Disagreements between people are inevitable, after all everyone has their own opinion based on their education and experiences in life.
However, not all people deal with their opinions the same way. Some people consistently express their views, some don’t but they will taunt you when your opinion would fall flat and there are some who keep their opinions closeted.
It cannot be stressed how important it is as a person to voice one’s thoughts.
It does invite disagreements which can culminate into an argument or a debate.
Most people prefer the first option, regrettably.
Those who have seen people disagree and express it would know that there is a certain pattern to it:
- A person says one thing, another refutes it. They begin to swear at each other and soon enough it becomes a fistfight with a wholesome audience of people who are seemingly deprived of quality entertainment.
- One person says something, another disagrees. The first person presents some arguments to defend their stance. The other person begins to drag other issues into the argument, namely, the first person’s past errors. The first person too reciprocates after the provocation and both parties leave in a huff.
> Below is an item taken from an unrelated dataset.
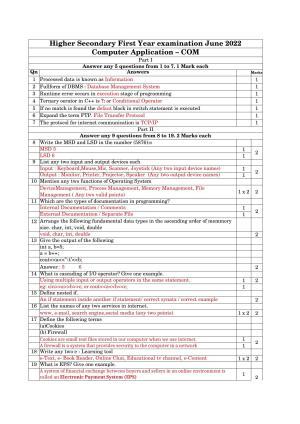Kerala Plus One 2022 CA (Commerce) Answer Key
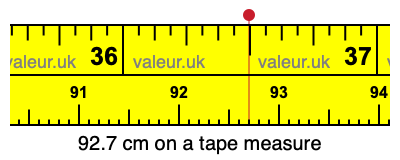 92.7 centimeters on a tape measure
- One person says something, there other disagrees. The first person gives arguments to defend their stance. The other person says something along these lines of, “Yeah, all the fault lies in me, I’m a flawed human and you’d be better off without me.”
It is obvious that we learn how to express our disagreements from our families, which means we only learn how to argue, to blindly believe that our stance is right and it is above all scrutiny, intellectual or moral.
Another reason we tend to argue is because we don’t adapt our viewpoints by careful thought, we just accept what we’ve been told by our family, our community, our politicians. Naturally, when they are challenged, we really don’t have anything to shield our beliefs. And we resort to what we’ve been taught in our families and by instinct : physically suppress the opposition or use emotional blackmail to win.
How hollow we are in our beliefs at times is reflected in another habit of people who are arguing: they avoid a direct confrontation with each other and try to win support by telling their sides of the story to the ‘neutrals.’ A direct confrontation even if forced results in a fight with the fists instead of a fight with words.
It is obvious both sides are blind followers of ideologies they themselves know nothing about.
By the way, a reflection of how bad are the presenter times is evident in the fact that the only skill one needs to be a politician, whether in India or abroad is the ability to argue, not debate.
It doesn’t help matters that the electorate is made up of blind followers of various ideologies themselves.